Statistics for ML #71 — Singular Value Decomposition (SVD)

less than 1 minute read

Published:

Singular Value Decomposition (SVD)

Post #71/100 in the Statistics for ML series — Md Salek MiahStatistician & ML ResearcherSUST, Bangladesh.

Singular Value Decomposition (SVD) decomposes any matrix A into: \(A = U\Sigma V^T\) where U = left singular vectors, Σ = diagonal matrix of singular values, V = right singular vectors.

SVD is the foundation of PCA, recommender systems, and NLP.

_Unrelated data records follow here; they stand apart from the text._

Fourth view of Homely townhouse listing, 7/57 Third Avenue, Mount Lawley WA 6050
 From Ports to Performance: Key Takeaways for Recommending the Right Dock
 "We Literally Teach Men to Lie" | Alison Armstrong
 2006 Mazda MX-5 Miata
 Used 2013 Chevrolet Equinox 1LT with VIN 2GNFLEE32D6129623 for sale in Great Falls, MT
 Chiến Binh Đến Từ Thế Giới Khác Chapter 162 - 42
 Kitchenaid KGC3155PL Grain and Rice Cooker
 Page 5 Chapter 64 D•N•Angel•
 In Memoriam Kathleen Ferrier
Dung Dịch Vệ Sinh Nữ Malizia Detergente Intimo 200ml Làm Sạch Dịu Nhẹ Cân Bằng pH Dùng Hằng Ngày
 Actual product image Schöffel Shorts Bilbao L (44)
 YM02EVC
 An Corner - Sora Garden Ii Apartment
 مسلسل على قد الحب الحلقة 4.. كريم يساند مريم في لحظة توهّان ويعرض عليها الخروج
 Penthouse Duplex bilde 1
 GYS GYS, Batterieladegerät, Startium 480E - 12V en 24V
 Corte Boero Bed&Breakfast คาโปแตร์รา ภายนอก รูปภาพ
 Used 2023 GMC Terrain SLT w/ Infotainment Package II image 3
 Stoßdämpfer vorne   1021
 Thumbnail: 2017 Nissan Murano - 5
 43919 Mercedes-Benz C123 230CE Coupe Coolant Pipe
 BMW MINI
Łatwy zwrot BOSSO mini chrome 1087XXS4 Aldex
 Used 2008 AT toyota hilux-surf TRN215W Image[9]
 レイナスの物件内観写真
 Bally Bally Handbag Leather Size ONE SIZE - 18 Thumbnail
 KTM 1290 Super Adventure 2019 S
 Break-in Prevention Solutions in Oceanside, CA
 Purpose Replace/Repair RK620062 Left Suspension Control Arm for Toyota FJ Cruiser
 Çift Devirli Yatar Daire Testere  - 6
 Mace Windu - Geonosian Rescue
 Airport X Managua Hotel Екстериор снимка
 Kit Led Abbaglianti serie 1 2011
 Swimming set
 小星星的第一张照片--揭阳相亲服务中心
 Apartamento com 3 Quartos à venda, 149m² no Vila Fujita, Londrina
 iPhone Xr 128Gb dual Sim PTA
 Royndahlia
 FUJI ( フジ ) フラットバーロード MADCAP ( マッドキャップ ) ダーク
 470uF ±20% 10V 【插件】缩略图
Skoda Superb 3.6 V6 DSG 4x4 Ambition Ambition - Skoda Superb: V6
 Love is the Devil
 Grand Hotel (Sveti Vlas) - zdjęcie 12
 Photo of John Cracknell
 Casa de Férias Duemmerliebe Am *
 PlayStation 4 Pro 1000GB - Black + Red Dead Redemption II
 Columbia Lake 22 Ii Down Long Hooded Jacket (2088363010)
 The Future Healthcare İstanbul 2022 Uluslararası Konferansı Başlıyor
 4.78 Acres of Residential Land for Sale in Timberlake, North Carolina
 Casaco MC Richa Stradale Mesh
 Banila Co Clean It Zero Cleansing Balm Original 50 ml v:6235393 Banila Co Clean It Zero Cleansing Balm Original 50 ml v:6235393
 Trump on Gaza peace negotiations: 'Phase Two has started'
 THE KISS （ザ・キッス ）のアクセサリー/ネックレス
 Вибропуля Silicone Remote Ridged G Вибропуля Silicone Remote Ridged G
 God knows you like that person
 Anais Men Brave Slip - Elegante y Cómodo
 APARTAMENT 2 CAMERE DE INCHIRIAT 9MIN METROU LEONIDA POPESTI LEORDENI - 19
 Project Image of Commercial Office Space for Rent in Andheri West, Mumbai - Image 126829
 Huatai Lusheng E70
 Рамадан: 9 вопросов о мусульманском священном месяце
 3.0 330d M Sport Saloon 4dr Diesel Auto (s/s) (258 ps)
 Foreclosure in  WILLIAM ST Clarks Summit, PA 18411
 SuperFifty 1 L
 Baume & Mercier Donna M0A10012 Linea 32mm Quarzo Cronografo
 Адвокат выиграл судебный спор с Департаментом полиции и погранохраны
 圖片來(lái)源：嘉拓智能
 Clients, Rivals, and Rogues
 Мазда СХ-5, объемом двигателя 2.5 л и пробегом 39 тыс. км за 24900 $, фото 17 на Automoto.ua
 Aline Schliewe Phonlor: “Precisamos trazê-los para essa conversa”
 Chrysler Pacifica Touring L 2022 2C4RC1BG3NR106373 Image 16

Applications in ML & Public Health

  • Dimensionality reduction: Keep top-k singular values → low-rank approximation
  • Missing data imputation: Matrix completion via SVD (e.g., imputing missing DHS variables)
  • Recommender systems: My MovieLens project uses SVD for collaborative filtering
  • Latent Semantic Analysis: Document-term matrix decomposition
import numpy as np
from sklearn.decomposition import TruncatedSVD

# SVD on DHS health indicator matrix (districts × indicators)
X = df[health_indicators].fillna(0).values
svd = TruncatedSVD(n_components=5, random_state=42)
X_reduced = svd.fit_transform(X)

explained_var = svd.explained_variance_ratio_.cumsum()
print(f'Top 5 components explain {explained_var[-1]*100:.1f}% of variance')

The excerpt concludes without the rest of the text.